Every Tuesday, an evergreen essay on what I'm learning while shipping DuranteOS. Every Friday, a dispatch from the week. Roughly 108,000 words and counting — for builders who'd rather watch the foundation get poured than read the press release.

Subscribe · Tuesday essay

Around 3,800 builders read this weekly.

Council, Sketched: The Three-Round Debate Protocol I Want to Formalize Before I Build It

I do not have a Council orchestrator. I have something cruder — a habit of channelling two or three named specialists by hand whenever an architectural decision smells like it has more than one defensible answer. Sixteen weeks in, the habit has paid back enough times that I want to commit to its shape before the next time I'm tired and ship the wrong primitive. This is the design essay. Fowler, Kent Beck, and Uncle Bob disagree productively at the bottom — and that disagreement is the part the pattern is supposed to surface.

I am writing this on a Monday in the dead week between Christmas and New Year, sixteen weeks and roughly two hundred and fifteen commits into building DuranteOS. The Council orchestrator does not exist. The roster, the three-round protocol, the synthesis step, the cost-tracked invocation log — none of those have shipped.

What I have is the habit. Whenever a question lands that smells like it has more than one defensible answer, I open a fresh session and ask the agent to channel two or three named specialists from a small mental roster. I run them through an ad-hoc debate, in my head and in the chat window, and I write down whatever convergence or non-convergence emerges. The debate is not a formal protocol; it is closer to a thought experiment with citation.

It has paid back enough times in the last fourteen weeks that I want to commit to its shape now, before the next architectural decision arrives and I am tired enough to ship the wrong primitive.

There is a particular kind of question that produced the habit. "Should this be a microservice or a module?" "Should this aggregate be persisted as event-sourced or as CRUD?" "Is this duplication that should be refactored or duplication that should be left alone?" Every plausible answer carries different assumptions about team size, deployment cadence, change frequency, audit requirements, and operator skill. A single expert who answers without surfacing the assumptions sounds confident and is often wrong for my context. The habit was an early defense against my own confidence-shaped errors. The Council is what the habit becomes when it grows up.

What I want the Council to be, in one sentence

Two or three named specialists, three structured rounds (positions → cross-examination → convergence), one synthesized output that names the tradeoffs the original question hid.

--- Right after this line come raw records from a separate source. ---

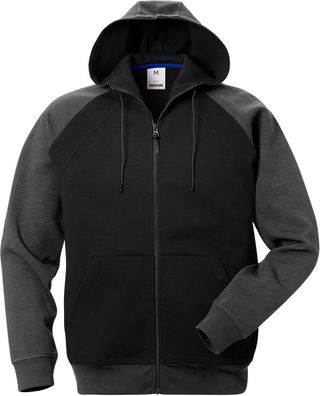 Fristads Acode Sweatjacke mit Kapuze 1757 DF Schwarz/Grau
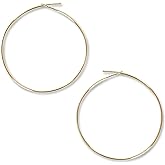 Thin Hoop Earrings for Women - Hypoallergenic Lightweight Wire Threader Loop Drop Dangles - Safe for Sensitive Ears - Plated in 925 Sterling Silver or 18K Gold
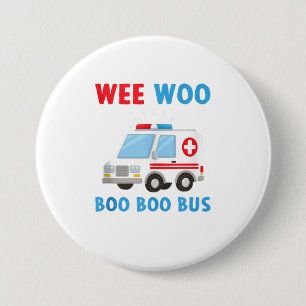 Wee Woo Boo Boo Bus Ambulance EMT Parame Ronde Button 7,6 Cm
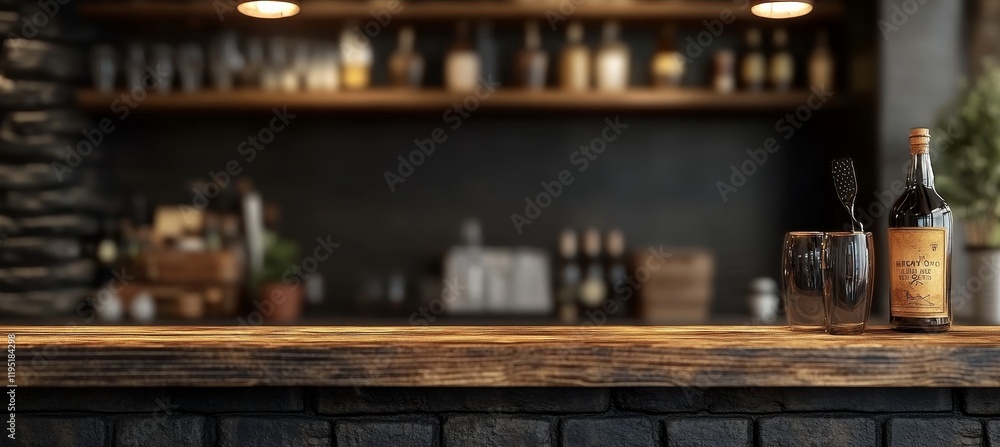 Poster empty rustic bar countertop with blurry bottles and warm lighting, background for mockups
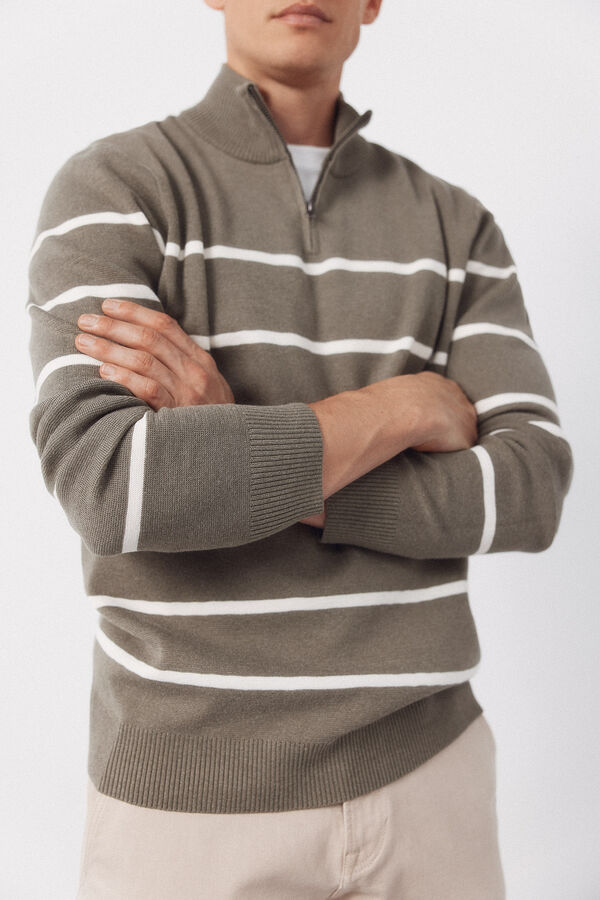 Cortefiel Striped jersey-knit with zip fastening  Kaki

The roster I want to ship with

The roster I have been pulling from in my head over the last fourteen weeks. Each seat would be a specialist agent that channels a real practitioner's framework, vocabulary, and quote bank, with explicit step-aside rules for cases where the framework does not apply. None of these are agents yet; they are personas I imitate when I run the debate informally.

SeatChannelsStrongest onSteps aside for
FowlerRefactoring catalog, PoEAA, microservices.ioCode smells, named refactorings, pattern selectionHard real-time, formal verification
KentBeckTDD, XP, Tidy First, Empirical Software DesignTest-list discipline, smallest experiment, coupling/cohesionDistributed sagas, hard real-time
UncleBobClean Code, SOLID, Three Laws of TDDBoundary identification, function size, plugin architectureFP idioms, ML, distributed coordination
SandiMetzPOODR, 99 Bottles, Four RulesObject-level design, refactoring pedagogy, namingLegacy without tests, strategic redesign
FeathersWorking Effectively with Legacy CodeSeams, characterization tests, dependency-breakingGreenfield TDD, throwaway scripts
CockburnHexagonal, Crystal, use cases at the right goal levelPorts & adapters, methodology weight, walking skeletonReal-time, FP, ML
EricEvansDDD Blue Book, Bounded Context, Ubiquitous LanguageStrategic design, aggregate boundaries, context mapsTrivial CRUD, throwaway scripts
GregYoungCQRS, Event Sourcing, KurrentAudit-grade ledgers, event versioning, projectionsPure CRUD, MVPs
Pragmatic (Hunt + Thomas)The 100 Tips, Knowledge Portfolio, Dreyfus modelCareer, broken windows, tracer bulletsFormal verification, hard real-time

Nine seats is what I think the v1 should be. I have flirted with adding more (Hickey for FP, Lampson for systems, Norvig for ML) but each seat I add pushes the cost of every Council invocation up linearly, and there is no point recruiting a seat I would invoke once a quarter. I would rather under-stock the roster and add seats deliberately as gaps appear.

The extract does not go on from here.